All of the data is to be written out again exactly, without the pictures.

Data extract.

===

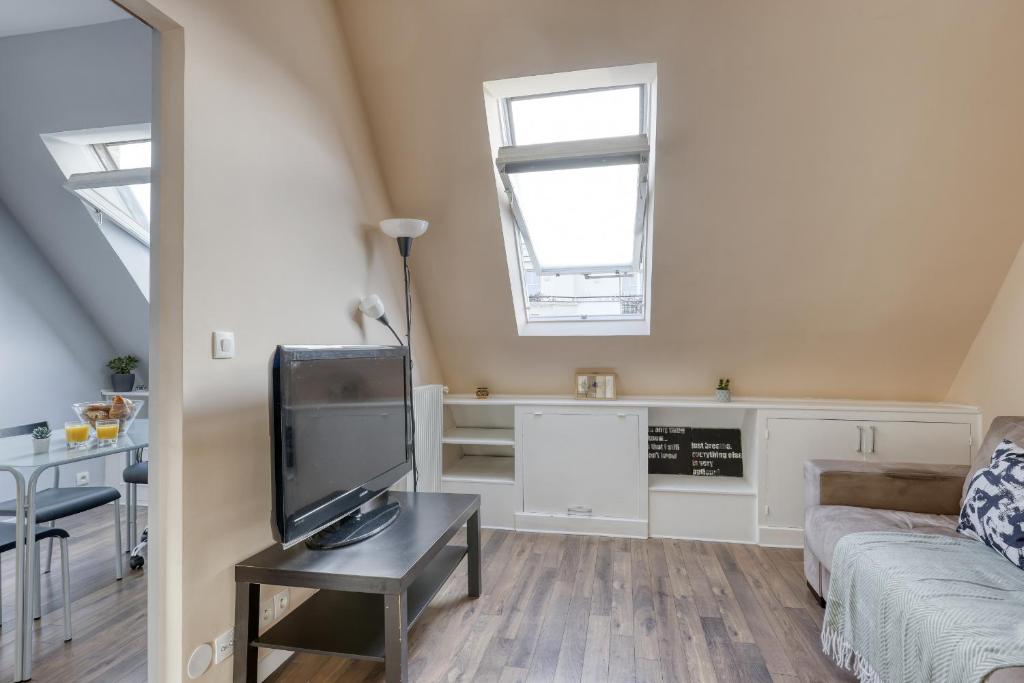 un salon avec un canapé et une télévision dans l'établissement Ideal & Comfy Cocoon at the Luxury Paris 16., à Paris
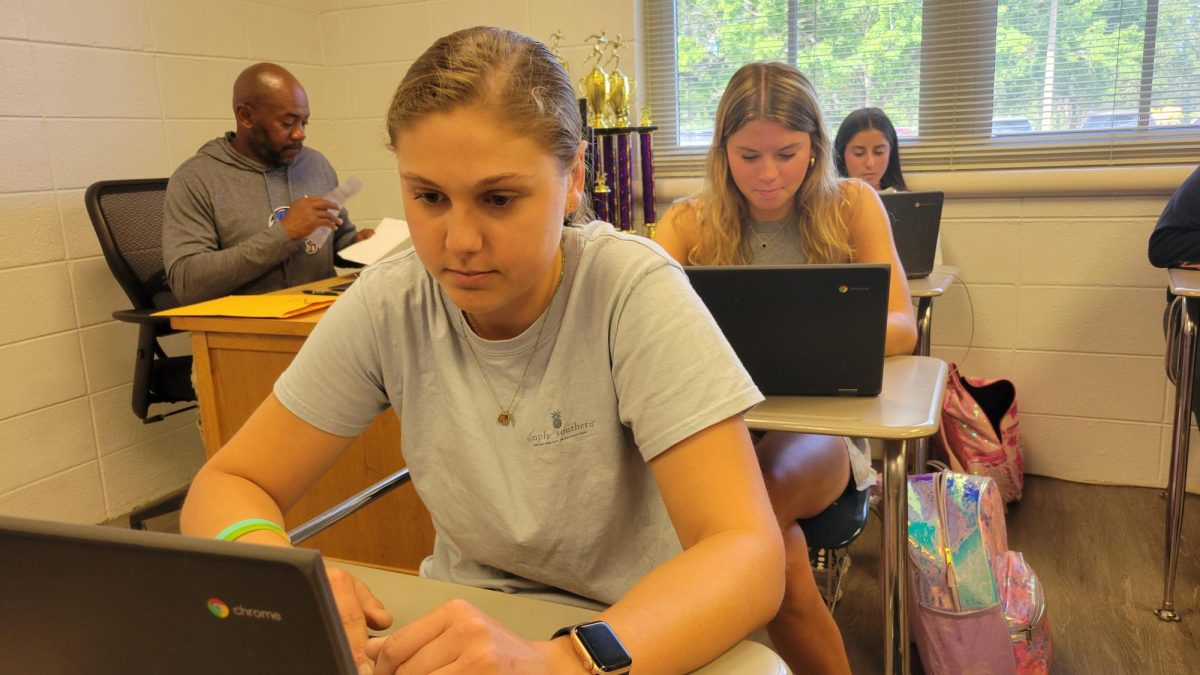 Working ahead… Fairhope High School junior Jenna Kowal revises an essay for her dual enrollment course. She used her time diligently working on her assignment and submitted it before the due date.
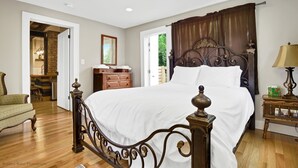 A bedroom with a large bed, wooden dresser, and a chair. - The Tailor House (Woodstock)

===

Written response.
 un salon avec un canapé et une télévision dans l'établissement Ideal & Comfy Cocoon at the Luxury Paris 16., à Paris
 Working ahead… Fairhope High School junior Jenna Kowal revises an essay for her dual enrollment course. She used her time diligently working on her assignment and submitted it before the due date.
 A bedroom with a large bed, wooden dresser, and a chair. - The Tailor House (Woodstock)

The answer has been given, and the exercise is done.